Directions — Print only the lines below, from the very first to the one containing "Salontafel Lens met", exactly as they stand. Do not print pictures.
====== Data for processing ======
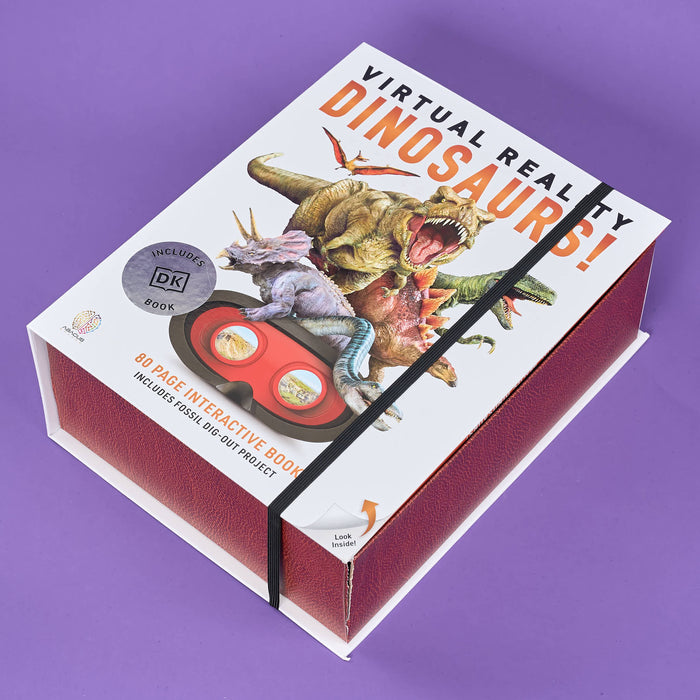 Box for 'Virtual Reality Dinosaurs!' book with dinosaur illustration and VR headset on purple background
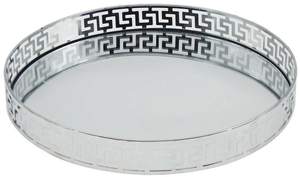 Plateau de toilette rectangulaire moderne en métal et verre argenté, orné, fait main, design personnalisé, durable, magnifique et décoratif, pour l'exportation en gros - Product Image 4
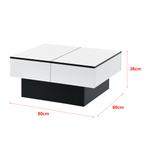 Salontafel Lens met opbergruimte 80x60x40 cm zwart en wit, Huis en Inrichting, Tafels | Salontafels, Verzenden, Nieuw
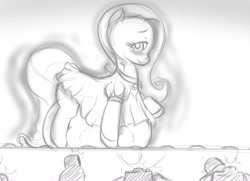 Size: 1448x1050 | Tagged: safe, artist:marshmallowbeam, imported from derpibooru, fluttershy, belly, camera, modeling, monochrome, stuffing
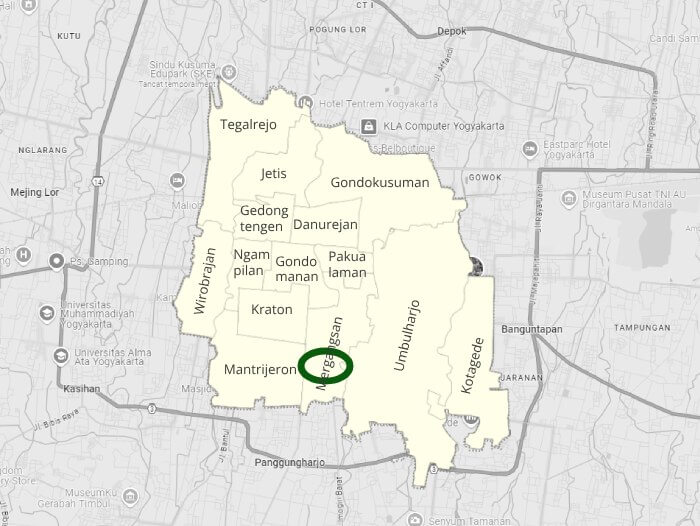 Mapa con la zona de Prawirotoman marcada, una de las mejores zonas donde alojarse en Yogyakarta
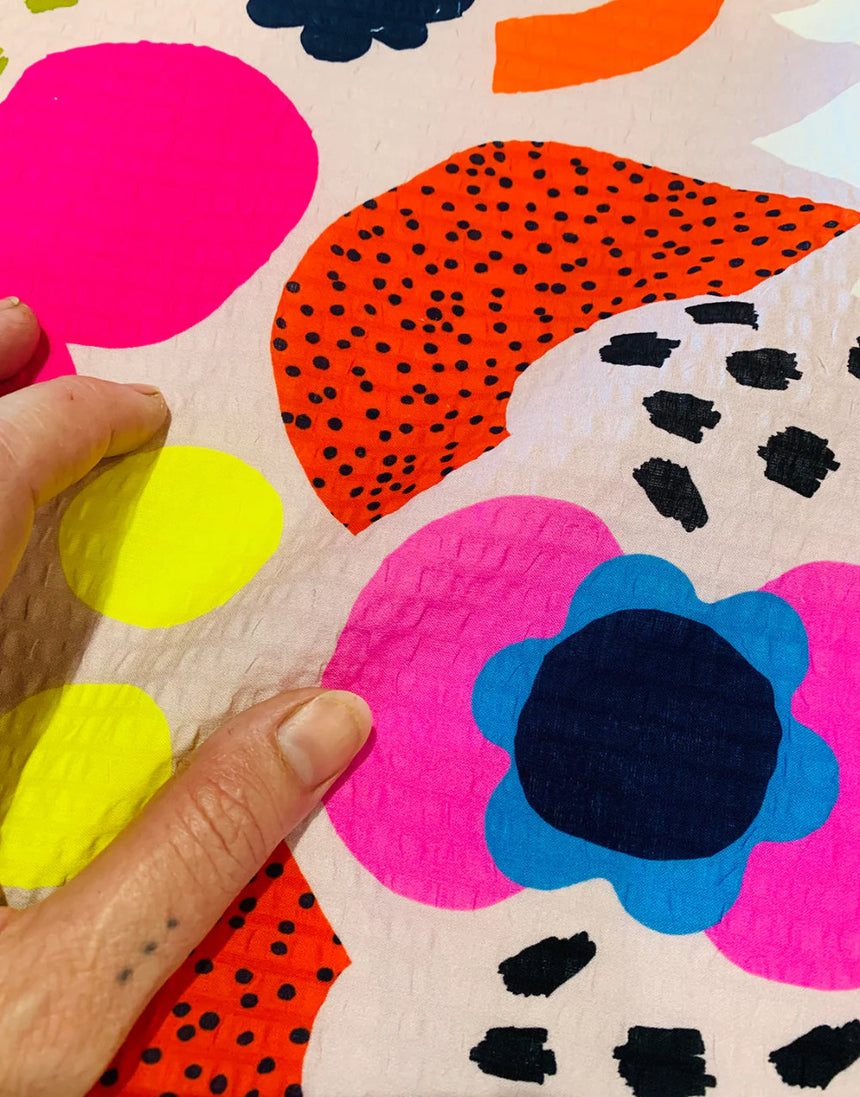 Peach Kooki Cotton Seersucker Fabric, Doops Designs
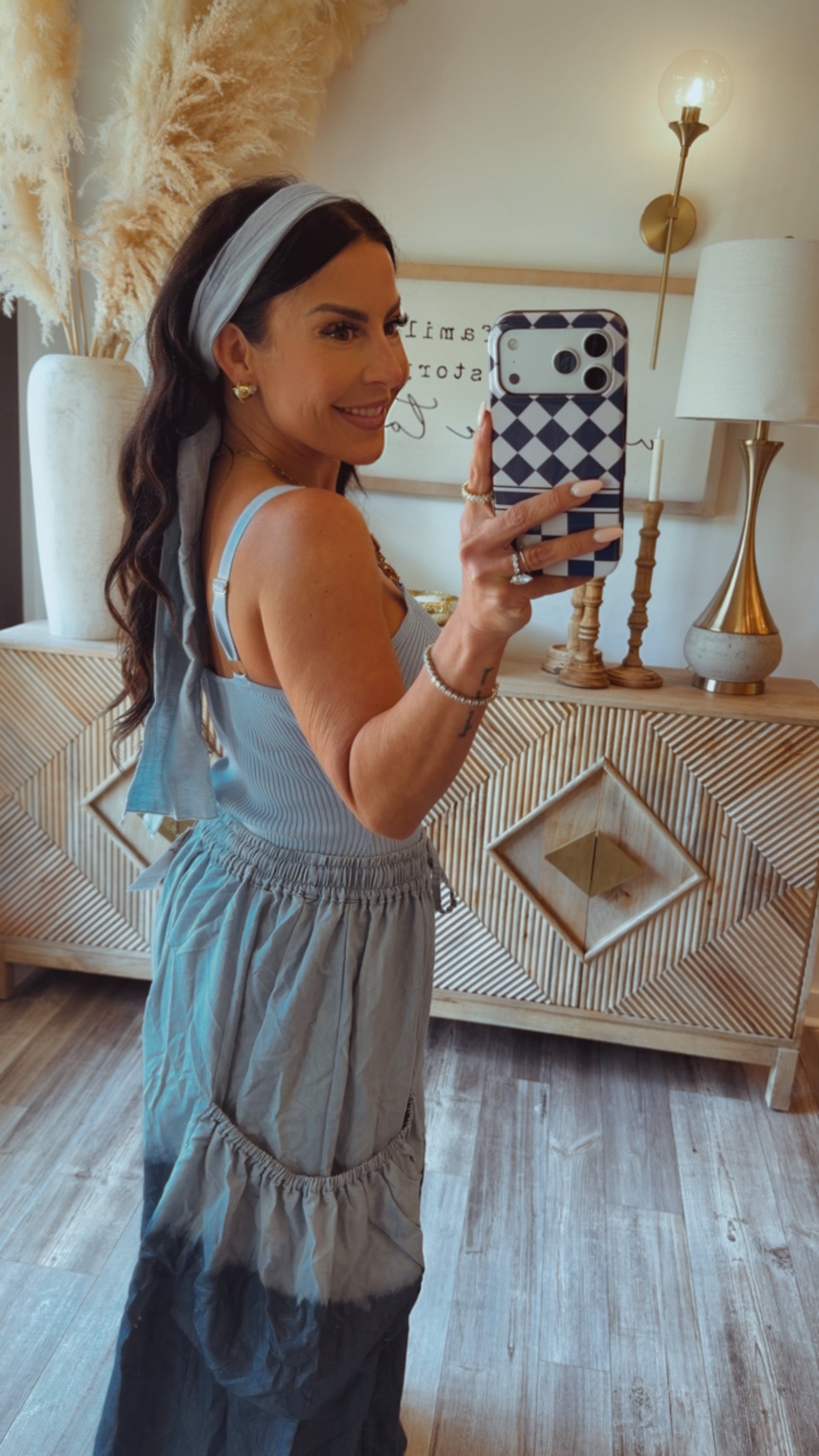 Blue ribbed Gold Buckle Chic Body Suit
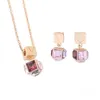 Europa Amerika Mode Stijl Sieraden Sets Dame Dames Goud / Zilver / Rose-Color Hardware Gegraveerde V Initialen Gekleurde Crystal Dice Hanger Ketting Oorbellen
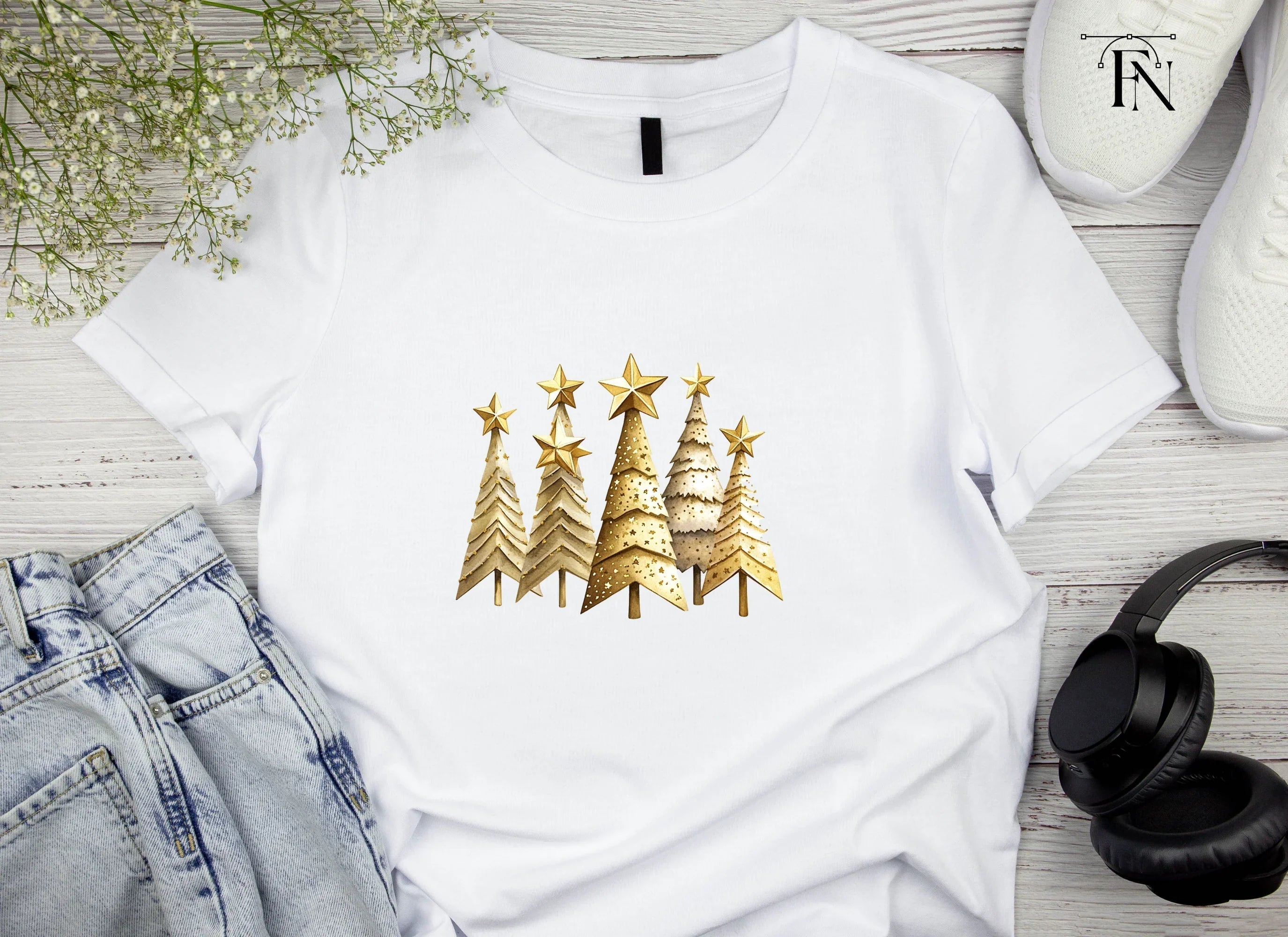Golden Christmas Trees Clipart Bundle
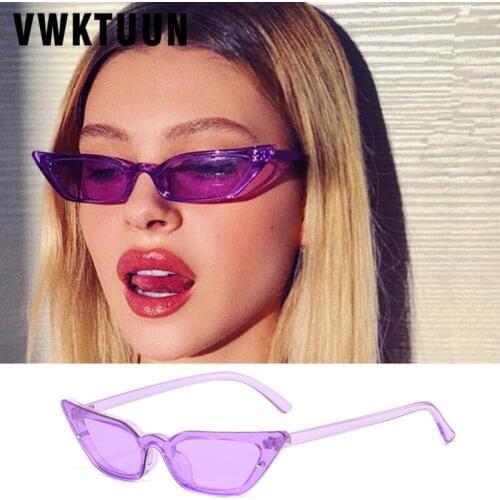VWKTUUN Colorful Sunglasses Women Cat Eye Glasses Womens Driving Driver Shades UV400 Hip Hop Purple Sun Glasses For Women Óculos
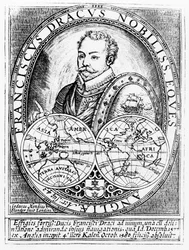 Sir Francis Drake (kb. 1540-96) portréja 43 évesen, Jodocus Hondius (1567-1611) metszetében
======
Output for this exercise —
 Box for 'Virtual Reality Dinosaurs!' book with dinosaur illustration and VR headset on purple background
 Plateau de toilette rectangulaire moderne en métal et verre argenté, orné, fait main, design personnalisé, durable, magnifique et décoratif, pour l'exportation en gros - Product Image 4
 Salontafel Lens met opbergruimte 80x60x40 cm zwart en wit, Huis en Inrichting, Tafels | Salontafels, Verzenden, Nieuw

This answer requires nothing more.